= A. M. Sullivan (barrister) =

Irish lawyer (1871–1959)

Alexander Martin Sullivan, SL (14 January 1871 – 9 January 1959) was an Irish lawyer, best known as the leading counsel for the defence in the 1916 treason trial of Roger Casement. He was the last barrister in either Ireland or England to hold the rank of serjeant-at-law, hence his nickname The Last Serjeant.

==Early life==

A younger son of Alexander Martin Sullivan and Frances Donovan, he was born in Dublin and educated at Beaumont College, Ushaw College, Belvedere College, Trinity College Dublin and King's Inns. Sullivan was called to the Irish Bar in 1892 and practised on the Munster Circuit.

==Barrister==

He was appointed an Irish KC in 1908 and King's Third Serjeant-at-law (Ireland) in 1912 advancing to Second Serjeant in 1913 and First Serjeant in 1919 – the last holder of that position.

A moderate constitutional nationalist and supporter of the Irish Parliamentary Party, Sullivan was a prominent campaigner for the recruitment of Irishmen into the British army during the First World War. His opposition to Sinn Féin republicanism and his prominent role in conducting prosecutions on behalf of the Crown during the Irish War of Independence led to an attempt on his life in 1920. In April 1921 Derry House, Rosscarbery in County Cork, which Sullivan had purchased two years previously was burned by the IRA.

As a result, Sullivan relocated to England in 1921 and established a career at the English Bar, having previously been called to the Middle Temple in 1899. He subsequently became a Bencher and Treasurer of Middle Temple.
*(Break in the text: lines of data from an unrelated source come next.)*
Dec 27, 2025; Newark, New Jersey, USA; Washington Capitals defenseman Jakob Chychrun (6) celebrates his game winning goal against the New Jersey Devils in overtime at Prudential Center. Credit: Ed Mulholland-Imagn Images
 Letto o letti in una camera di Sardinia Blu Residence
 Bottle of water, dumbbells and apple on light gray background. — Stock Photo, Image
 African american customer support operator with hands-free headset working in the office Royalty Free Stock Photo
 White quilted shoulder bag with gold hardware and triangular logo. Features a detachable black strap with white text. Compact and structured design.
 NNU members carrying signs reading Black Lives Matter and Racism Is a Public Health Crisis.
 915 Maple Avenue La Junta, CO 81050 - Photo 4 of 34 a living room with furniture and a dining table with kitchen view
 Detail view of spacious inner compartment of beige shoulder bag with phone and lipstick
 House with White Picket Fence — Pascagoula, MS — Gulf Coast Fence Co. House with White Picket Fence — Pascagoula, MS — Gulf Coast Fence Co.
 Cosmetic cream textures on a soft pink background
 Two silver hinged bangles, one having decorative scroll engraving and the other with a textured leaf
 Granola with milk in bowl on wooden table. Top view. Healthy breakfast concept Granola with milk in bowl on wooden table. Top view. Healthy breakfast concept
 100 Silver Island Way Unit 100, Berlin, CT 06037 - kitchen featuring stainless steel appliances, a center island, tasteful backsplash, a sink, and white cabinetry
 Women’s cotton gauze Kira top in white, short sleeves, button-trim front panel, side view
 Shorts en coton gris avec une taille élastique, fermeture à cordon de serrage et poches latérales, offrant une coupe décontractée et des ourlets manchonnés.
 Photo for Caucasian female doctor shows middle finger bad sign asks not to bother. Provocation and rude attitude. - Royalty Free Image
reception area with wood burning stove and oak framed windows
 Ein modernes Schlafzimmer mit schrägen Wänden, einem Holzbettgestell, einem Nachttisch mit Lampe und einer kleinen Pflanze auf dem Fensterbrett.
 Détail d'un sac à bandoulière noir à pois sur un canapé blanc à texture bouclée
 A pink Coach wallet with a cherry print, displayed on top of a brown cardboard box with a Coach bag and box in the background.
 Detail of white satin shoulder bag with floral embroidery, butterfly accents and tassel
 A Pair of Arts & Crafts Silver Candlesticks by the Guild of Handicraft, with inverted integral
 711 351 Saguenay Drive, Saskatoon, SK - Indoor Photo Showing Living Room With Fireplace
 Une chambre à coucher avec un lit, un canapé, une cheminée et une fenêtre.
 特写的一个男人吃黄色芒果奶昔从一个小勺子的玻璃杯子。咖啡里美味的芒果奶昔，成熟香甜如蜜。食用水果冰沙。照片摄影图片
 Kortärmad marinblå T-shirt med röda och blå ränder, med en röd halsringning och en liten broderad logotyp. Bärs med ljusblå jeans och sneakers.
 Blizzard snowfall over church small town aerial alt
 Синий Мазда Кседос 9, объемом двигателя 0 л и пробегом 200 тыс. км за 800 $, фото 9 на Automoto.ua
By courtesy, he was always referred to as Serjeant Sullivan, even though that rank no longer existed in England.

He remained a member of the Irish Bar, and returned to Dublin at least once in 1923 to appear in the celebrated case of Croker v Croker, where the children of the former leader of Tammany Hall, "Boss" Croker attempted to overturn his will, which left his entire estate to their stepmother. Sullivan appeared for Richard Croker junior. Despite his best efforts, the attempt to invalidate the will on the grounds of undue influence was unsuccessful.

He was noted as a fearless advocate, who brought to his English practice the robust manners he had learned in the Irish county courts. He did not hesitate to interrupt the judge, and if he felt that he was not receiving a fair hearing, he was quite capable of walking out of Court.

==Casement trial==

In 1916 Sullivan was retained as lead counsel in the trial of Sir Roger Casement for treason. No English barrister would defend Casement, and Sullivan was persuaded to take the case by George Gavan Duffy, whose wife Margaret was Sullivan's sister. Despite his rank of Serjeant at law and King's Counsel at the Irish bar, Sullivan was at that time only ranked as a junior barrister in England. As the facts relied on by the prosecution were largely undisputed, Sullivan limited himself to arguing a technical defence that the Treason Act 1351 only applied to acts committed "within the realm" and not outside it; this, in spite of Casement's exhortations to consider "the wider issues" in his arguments, and the opportunity of citing (chief prosecutor's) F. E. Smith's own declaration of treason in the preceding years alongside fellow Ulster Protestant leader Edward Carson. The Act's terms had however been expanded by case law over the previous 560 years, and the defence was rejected by the trial judges and by the Court of Criminal Appeal. Casement commented "God deliver from such antiquaries as these, to hang a man’s life upon a comma and throttle him with a semi-colon."

==Memoirs==

Sullivan wrote two books: Old Ireland in 1927 and The Last Serjeant in 1952. He retired from legal practice in 1949, and returned to Ireland to spend his last years there. He lived on Greenmount Road in Terenure, Dublin. He married in 1900 Helen Kelley, daughter of Major John Kelley of Brooklyn, New York, and had issue.